(Provided material)

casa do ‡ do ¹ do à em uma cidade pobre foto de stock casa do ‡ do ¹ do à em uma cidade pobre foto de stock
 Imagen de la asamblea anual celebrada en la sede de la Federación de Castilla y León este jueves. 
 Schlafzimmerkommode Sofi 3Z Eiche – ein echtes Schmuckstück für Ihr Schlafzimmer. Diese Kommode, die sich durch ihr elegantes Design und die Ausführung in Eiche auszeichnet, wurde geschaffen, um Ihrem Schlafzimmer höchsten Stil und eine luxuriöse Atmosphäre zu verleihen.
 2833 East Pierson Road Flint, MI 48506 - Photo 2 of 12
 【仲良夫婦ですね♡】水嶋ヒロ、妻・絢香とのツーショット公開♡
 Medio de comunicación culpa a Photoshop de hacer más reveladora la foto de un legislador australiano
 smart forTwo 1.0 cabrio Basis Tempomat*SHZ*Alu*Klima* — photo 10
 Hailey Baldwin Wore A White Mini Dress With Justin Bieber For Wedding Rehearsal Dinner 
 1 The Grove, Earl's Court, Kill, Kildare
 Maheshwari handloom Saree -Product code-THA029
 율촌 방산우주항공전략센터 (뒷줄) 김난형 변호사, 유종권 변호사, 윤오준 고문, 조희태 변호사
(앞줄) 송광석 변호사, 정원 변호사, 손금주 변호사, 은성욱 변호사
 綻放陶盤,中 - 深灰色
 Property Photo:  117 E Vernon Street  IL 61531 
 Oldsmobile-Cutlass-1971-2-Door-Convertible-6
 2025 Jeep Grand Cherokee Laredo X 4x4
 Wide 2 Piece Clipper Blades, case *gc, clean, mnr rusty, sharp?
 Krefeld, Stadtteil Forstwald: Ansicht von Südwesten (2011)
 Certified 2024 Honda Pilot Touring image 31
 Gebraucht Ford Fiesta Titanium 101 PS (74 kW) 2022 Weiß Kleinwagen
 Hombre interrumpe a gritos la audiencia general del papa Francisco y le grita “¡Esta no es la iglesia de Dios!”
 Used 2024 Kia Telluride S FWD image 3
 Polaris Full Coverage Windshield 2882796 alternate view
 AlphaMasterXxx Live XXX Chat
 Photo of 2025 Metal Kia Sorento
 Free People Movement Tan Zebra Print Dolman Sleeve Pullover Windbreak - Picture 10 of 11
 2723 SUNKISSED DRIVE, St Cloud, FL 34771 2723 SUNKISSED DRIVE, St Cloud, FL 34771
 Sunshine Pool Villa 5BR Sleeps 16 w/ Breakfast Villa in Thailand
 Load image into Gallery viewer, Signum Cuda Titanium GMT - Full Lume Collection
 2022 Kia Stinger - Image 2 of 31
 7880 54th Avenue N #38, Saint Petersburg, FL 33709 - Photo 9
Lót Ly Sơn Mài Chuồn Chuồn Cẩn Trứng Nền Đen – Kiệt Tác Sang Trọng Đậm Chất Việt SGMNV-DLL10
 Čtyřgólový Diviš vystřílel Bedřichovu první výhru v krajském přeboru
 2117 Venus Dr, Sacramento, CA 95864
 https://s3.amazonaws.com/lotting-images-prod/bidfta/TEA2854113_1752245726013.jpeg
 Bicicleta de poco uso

(End Provided material)

§ Problem details: The lines from the first of the entries through the line holding "Imagen de la" are to be restated word for word, and no others.

§ Your solution:
casa do ‡ do ¹ do à em uma cidade pobre foto de stock casa do ‡ do ¹ do à em uma cidade pobre foto de stock
 Imagen de la asamblea anual celebrada en la sede de la Federación de Castilla y León este jueves. 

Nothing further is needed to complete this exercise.